**Activity**.
Retype exactly the lines from the one that contains "Hasbro Overwatch Ultimates Lucio" through the end of the listing, both included, but not the pictures.

**The data**.
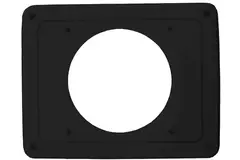 Vent-Axia Badlüfter Lo-Carbon iQ SCHWARZ 100-125mm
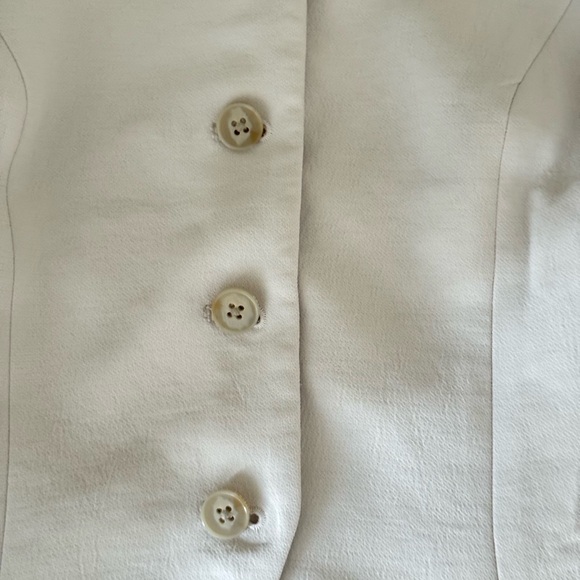 Aritzia Wilfred Regal Vest - Crepette - Picture 7 of 8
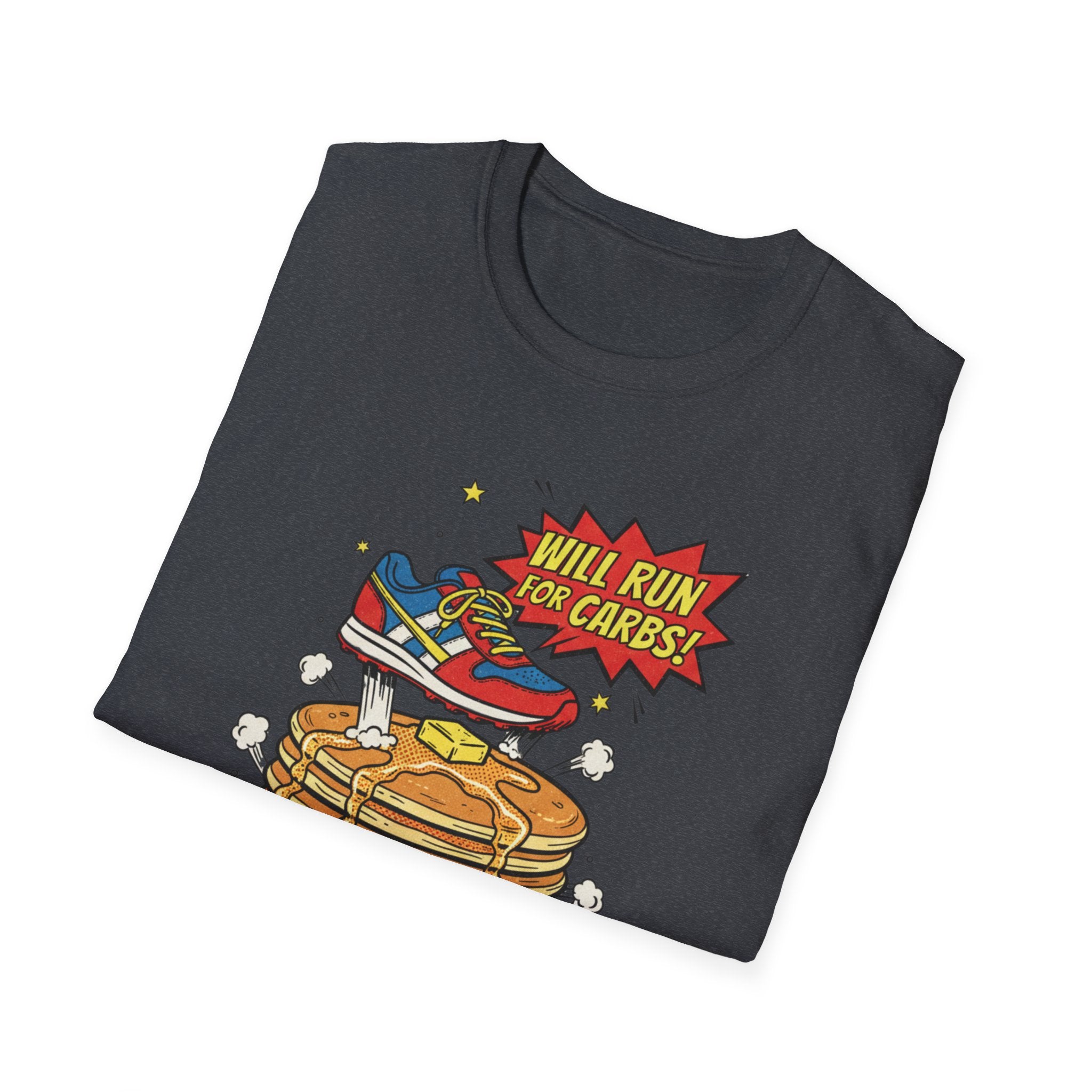 Run For Carbs T-Shirt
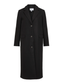 VISOLO Coat - Black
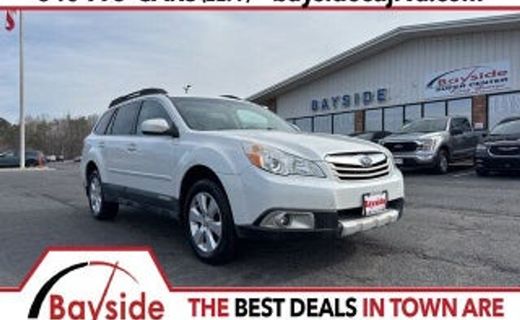 2012 Subaru Outback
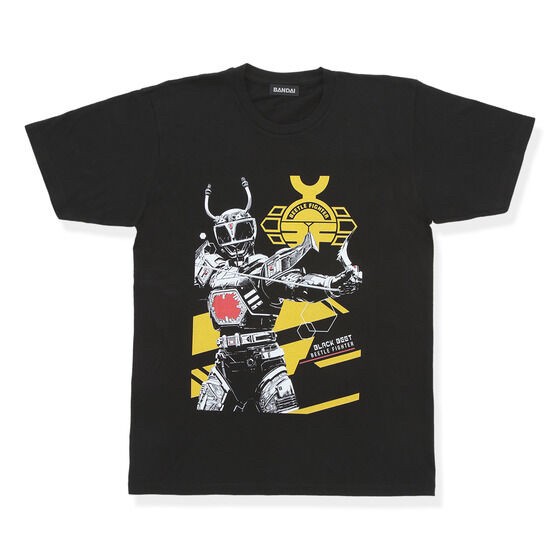 PRE-ORDER : Juukou B-Fighter T-shirt (All 5 types)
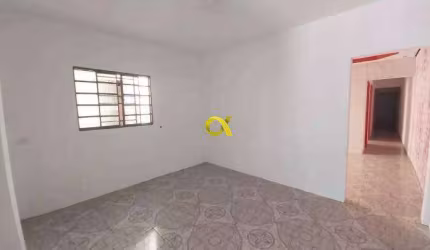 Casa para aluguel com 2 quartos, Residencial Santo Antônio - Piracicaba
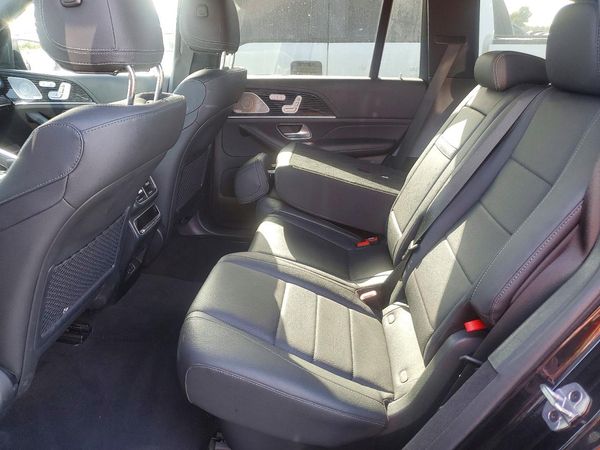 2025 MERCEDES-BENZ GLS GLS450 4MATIC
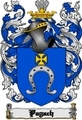 Thumbnail Pagach Family Crest  Pagach Coat of Arms Digital Download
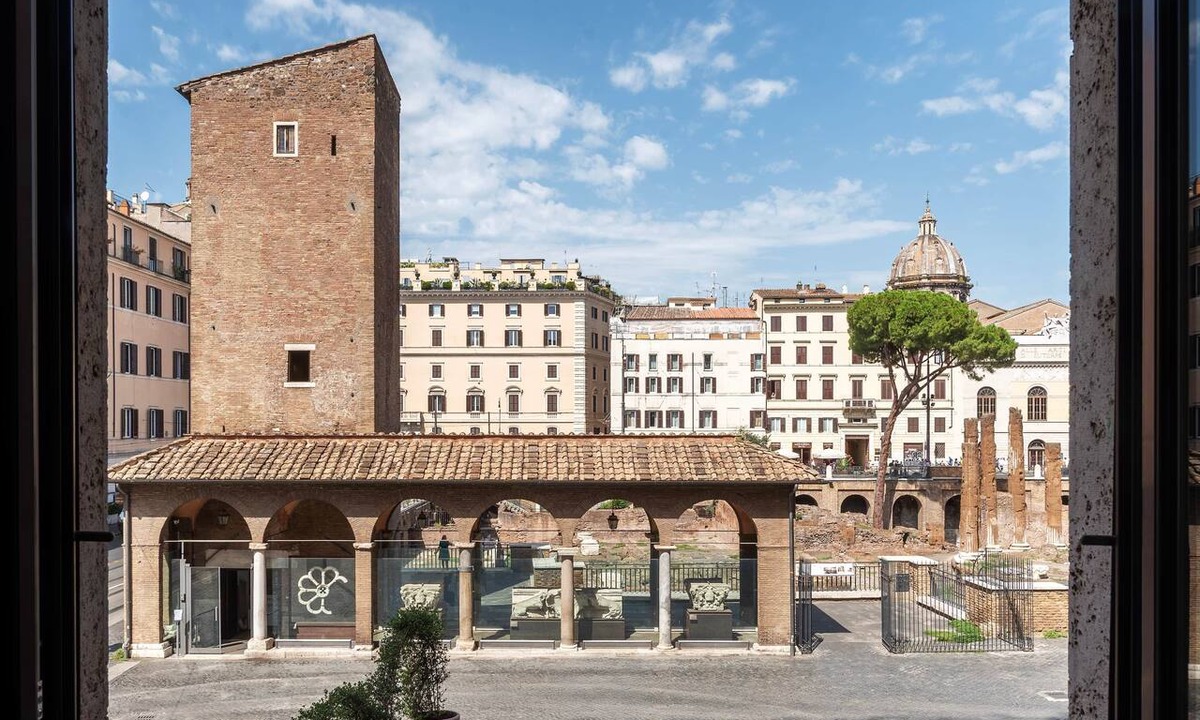 Rione IX Pigna Apartment | Torre Argentina - Charme Holidays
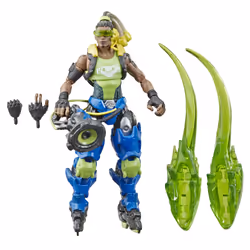 Hasbro Overwatch Ultimates Lucio
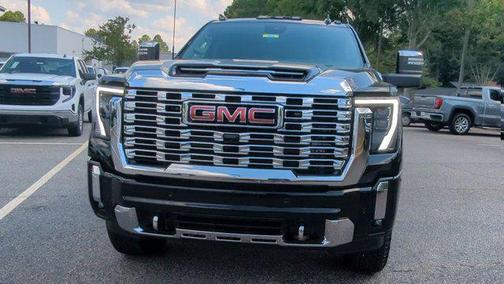 2025 GMC Sierra 2500 Denali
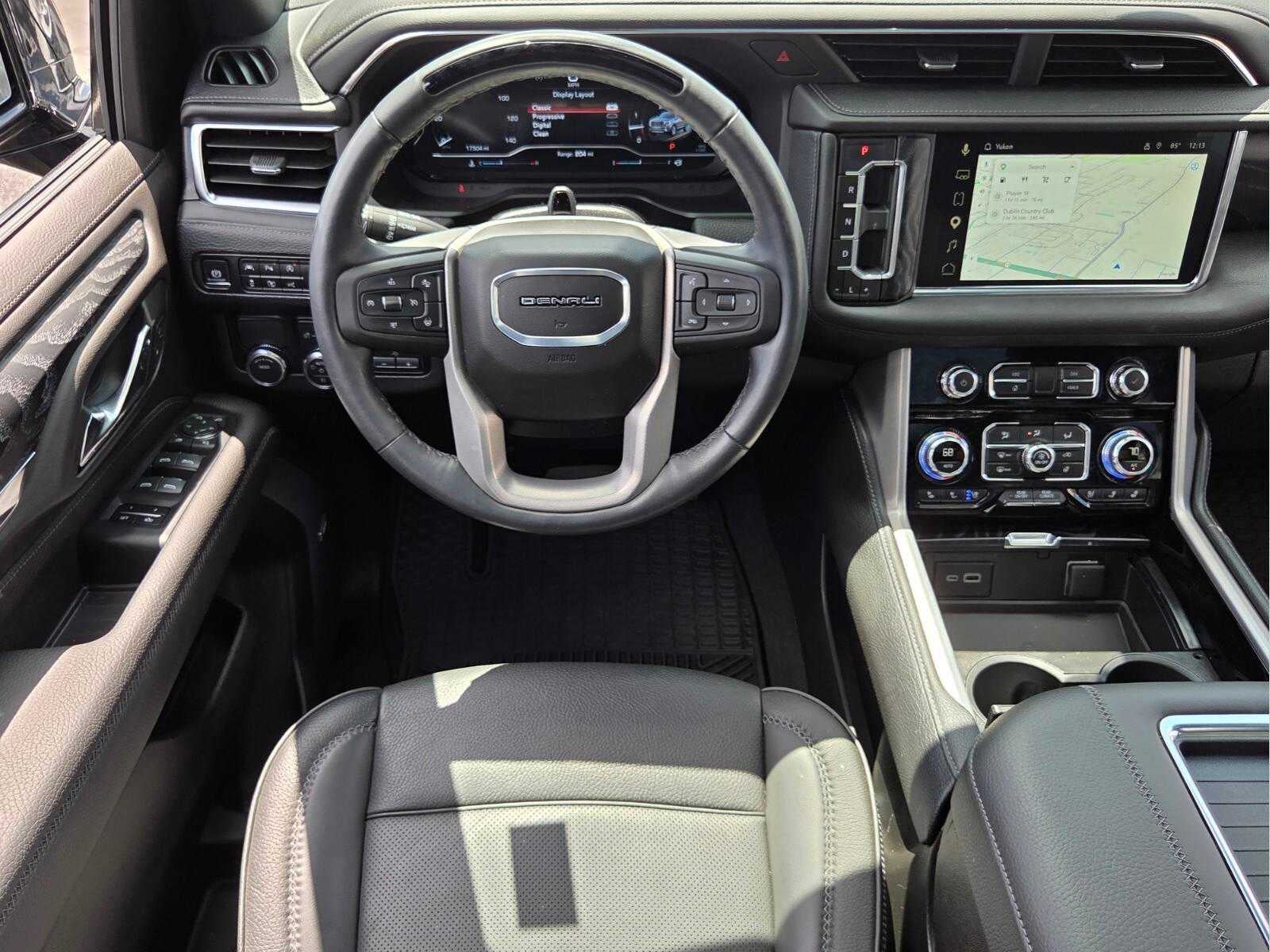 2024 GMC Yukon Denali Denali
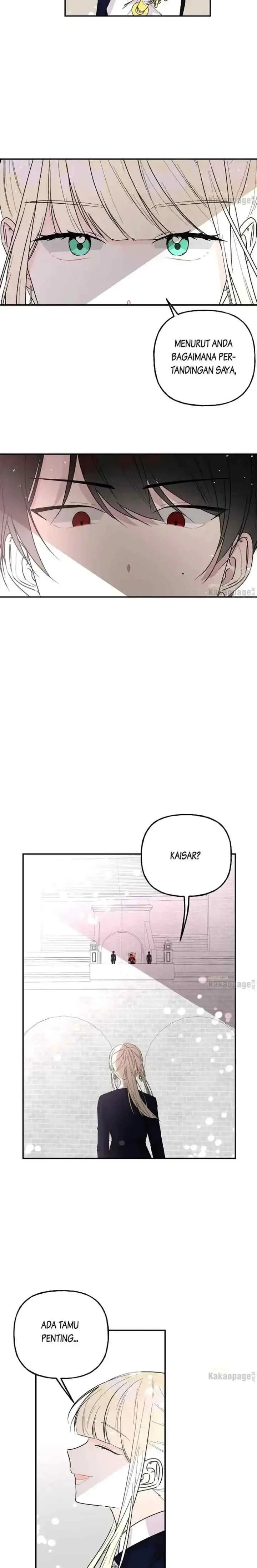Daughter of the Great Wizard chapter 83 halaman 16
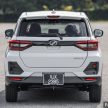 Perodua Ativa Hybrid vs Perodua Ativa 1.0 AV 实拍图集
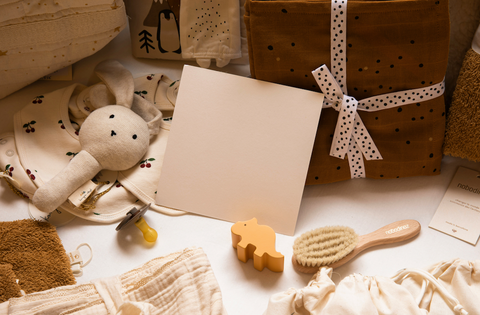 image of beautiful baby gift sets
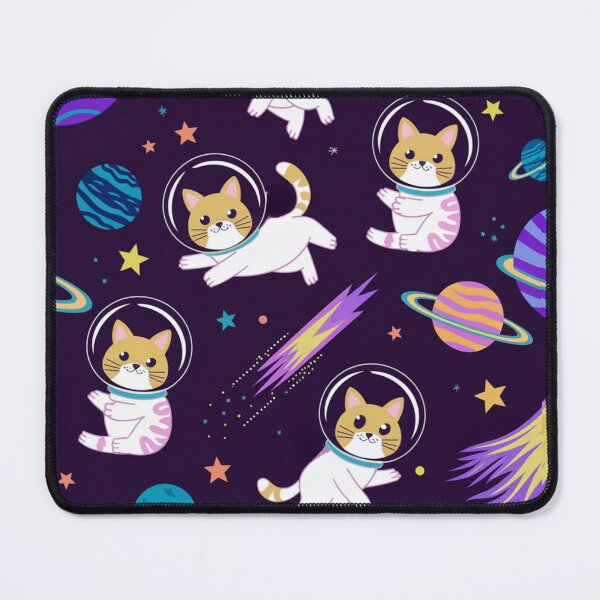 Item preview, Cats and Stars designed and sold by PattaZone.
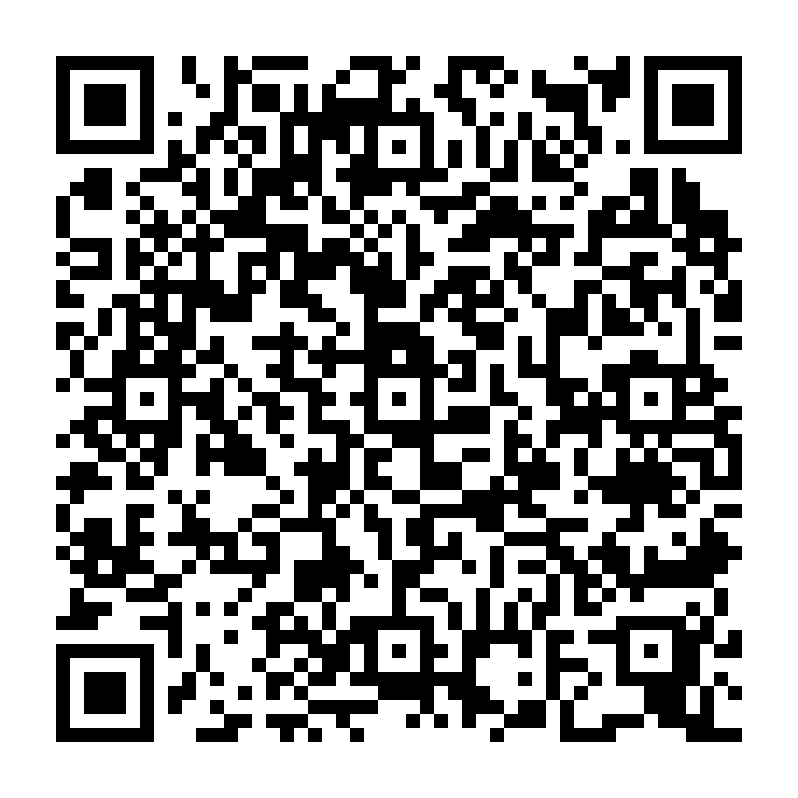 QR код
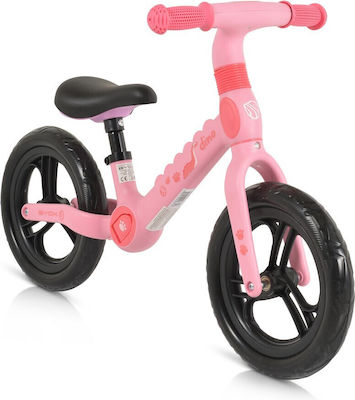 Byox Kids Balance Bike Pink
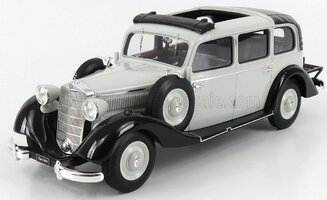 MERCEDES BENZ 260D PULLMAN LANDAULET OPEN ROOF 1936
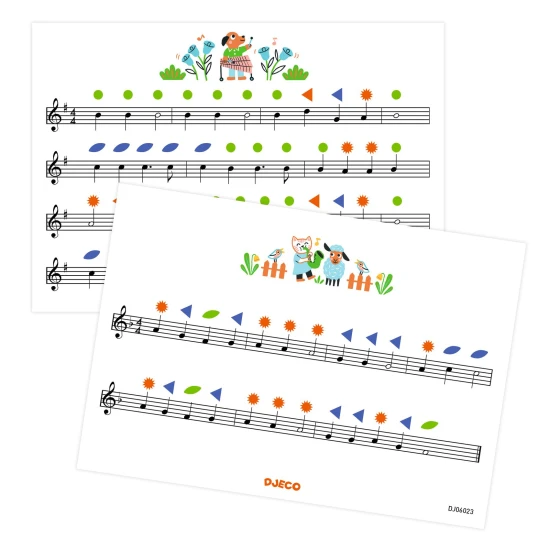 Animambo Kinder-Synthesizer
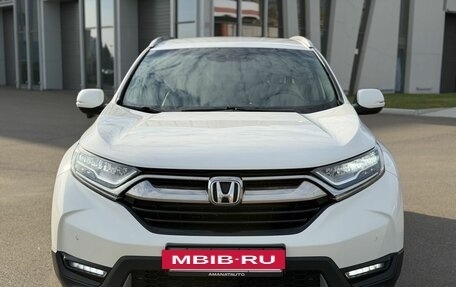 Honda CR-V IV, 2017 год, 2 490 000 рублей, 2 фотография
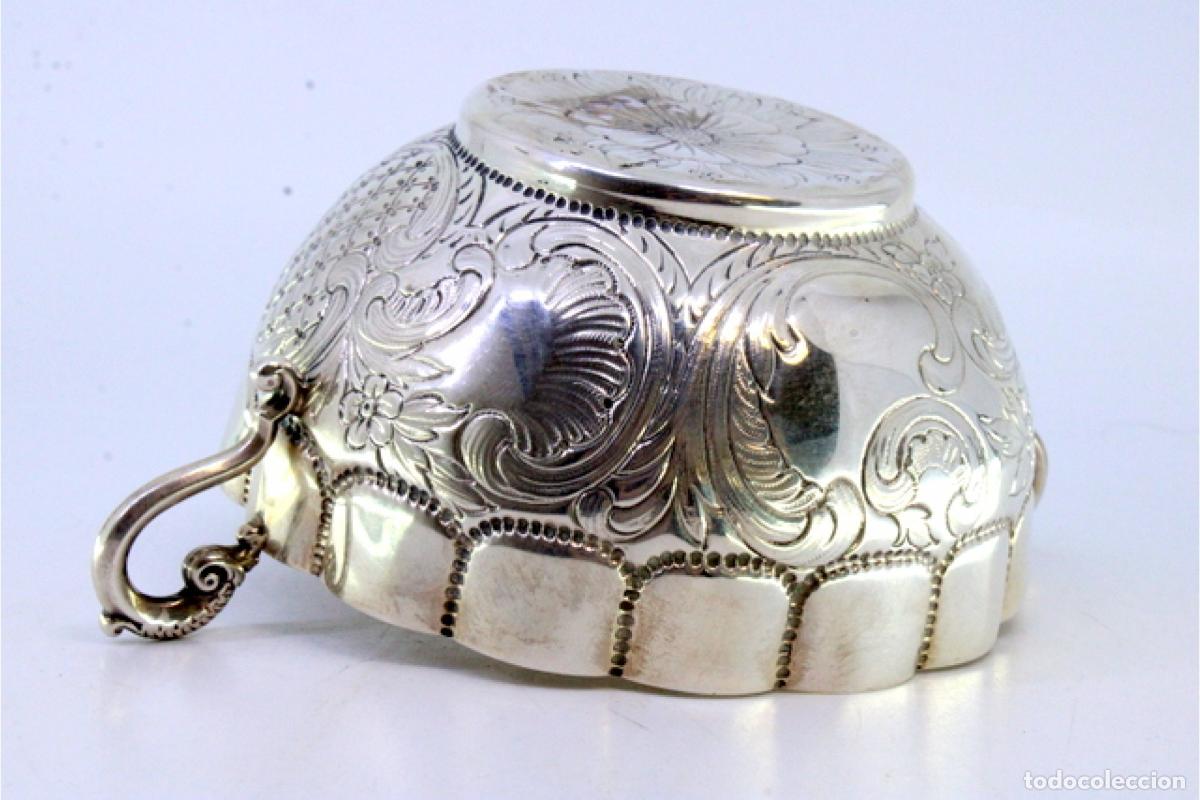 Antig&uuml;edades: copa de plata - Foto 4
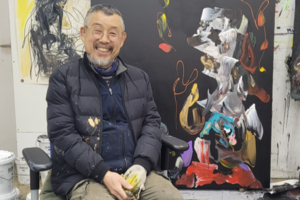 [TALK & TALK] “나는 실패하기 위해 그린다”… 대구 가창의 은둔자, 김길후가 쌓아 올린 ‘무량대수’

**Result for this exercise**.
 Hasbro Overwatch Ultimates Lucio
 2025 GMC Sierra 2500 Denali
 2024 GMC Yukon Denali Denali
Daughter of the Great Wizard chapter 83 halaman 16
 Perodua Ativa Hybrid vs Perodua Ativa 1.0 AV 实拍图集
 image of beautiful baby gift sets
 Item preview, Cats and Stars designed and sold by PattaZone.
 QR код
 Byox Kids Balance Bike Pink
 MERCEDES BENZ 260D PULLMAN LANDAULET OPEN ROOF 1936
 Animambo Kinder-Synthesizer
 Honda CR-V IV, 2017 год, 2 490 000 рублей, 2 фотография
 Antig&uuml;edades: copa de plata - Foto 4
 [TALK & TALK] “나는 실패하기 위해 그린다”… 대구 가창의 은둔자, 김길후가 쌓아 올린 ‘무량대수’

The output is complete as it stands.